Compiled ByTraci Purdum E-commerce will bring important cost benefits to the auto industry over the next 5 years. The savings will come not only from purchasing, but also many other functions such as product development, according to a study by Roland Berger Strategy Consultants in conjunction with Deutsche Bank's Global Automotive Research Team. "Many industry forecasts have suggested that the efficiency gains achievable through e-commerce will reduce the cost of a car by several thousand dollars. But estimates of this magnitude understate the challenges that automakers and suppliers face in implementing the necessary channel changes," notes Michael Heidingsfelder, a partner at Roland Berger. The study was based on interviews with 150 leading players in various elements of the automotive sector, including manufacturers and suppliers and the technology companies servicing their initiatives. Among the survey's other notable findings:
- Savings will come from unlikely sources. For example, purchased-material cost savings will represent just a small part of the overall story -- about 30%. Instead, Berger research suggests close to 70% of the potential cost savings will come from reduced product development, inventory, manufacturing, sales, G&A, transportation, and warranty costs.

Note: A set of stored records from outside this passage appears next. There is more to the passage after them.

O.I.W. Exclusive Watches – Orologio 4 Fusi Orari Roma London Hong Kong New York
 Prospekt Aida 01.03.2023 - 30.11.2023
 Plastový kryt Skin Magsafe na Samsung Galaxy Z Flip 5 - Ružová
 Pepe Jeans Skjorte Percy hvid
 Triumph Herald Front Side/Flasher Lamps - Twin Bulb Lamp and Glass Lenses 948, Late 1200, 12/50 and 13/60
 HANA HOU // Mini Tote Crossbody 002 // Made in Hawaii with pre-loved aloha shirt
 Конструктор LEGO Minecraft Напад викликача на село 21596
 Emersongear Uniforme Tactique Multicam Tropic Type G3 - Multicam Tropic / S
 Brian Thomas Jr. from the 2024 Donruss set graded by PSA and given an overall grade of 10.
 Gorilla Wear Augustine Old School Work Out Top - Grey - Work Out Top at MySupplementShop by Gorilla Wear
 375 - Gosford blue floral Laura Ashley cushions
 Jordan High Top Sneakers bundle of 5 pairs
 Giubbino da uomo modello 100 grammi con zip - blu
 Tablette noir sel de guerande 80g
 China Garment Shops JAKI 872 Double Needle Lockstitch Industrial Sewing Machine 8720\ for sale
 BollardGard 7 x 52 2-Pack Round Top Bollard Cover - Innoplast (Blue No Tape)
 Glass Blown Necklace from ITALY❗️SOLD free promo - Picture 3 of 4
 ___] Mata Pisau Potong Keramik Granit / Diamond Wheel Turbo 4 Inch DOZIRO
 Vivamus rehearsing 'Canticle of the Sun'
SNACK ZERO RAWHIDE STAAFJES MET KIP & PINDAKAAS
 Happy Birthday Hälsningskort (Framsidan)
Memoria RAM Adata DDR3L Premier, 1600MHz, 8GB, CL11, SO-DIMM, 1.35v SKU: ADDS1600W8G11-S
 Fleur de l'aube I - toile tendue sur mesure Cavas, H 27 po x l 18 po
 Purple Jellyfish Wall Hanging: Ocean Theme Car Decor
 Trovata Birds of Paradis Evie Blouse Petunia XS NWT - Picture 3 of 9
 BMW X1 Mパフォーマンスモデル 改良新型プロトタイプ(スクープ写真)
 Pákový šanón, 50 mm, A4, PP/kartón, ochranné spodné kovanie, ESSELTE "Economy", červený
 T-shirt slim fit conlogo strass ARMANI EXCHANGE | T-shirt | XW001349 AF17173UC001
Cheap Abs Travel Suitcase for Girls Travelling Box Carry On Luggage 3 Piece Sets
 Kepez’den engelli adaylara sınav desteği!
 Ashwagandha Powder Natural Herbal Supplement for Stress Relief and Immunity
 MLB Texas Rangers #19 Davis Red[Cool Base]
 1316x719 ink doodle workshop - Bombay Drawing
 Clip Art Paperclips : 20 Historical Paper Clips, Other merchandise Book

- The North American industry's transition toward "build to order" vehicles has been exaggerated and, in light of significant physical, structural, cultural, and financial limitations, it will not progress as quickly as many industry observers anticipate. Rather, the traditional vehicle sales model, which involves the purchase of a vehicle out of a dealer's inventory, is likely to dominate for the next five years and will probably still represent more than 50% of the market in 10 years -- especially in the United States.
- Cost savings from auctions will dissipate over time as business becomes concentrated among the most cost advantaged suppliers. Reverse auctions for auto parts have generated dramatic levels of cost reduction over the last six months, but these levels (10%-40%) are not sustainable as they do not reflect the true cost of doing business within the industry.
- Tier 1 suppliers will be able to retain more of their cost savings than lower tier suppliers. The greatest benefits will accrue to companies that supply engineered, and/or highly differentiated products because they have relatively lower risk of having to pass all of their cost savings through to customers. Companies that supply commodity type components -- or products that are fabricated to specifications determined by the automaker -- are at greater risk of margin contraction.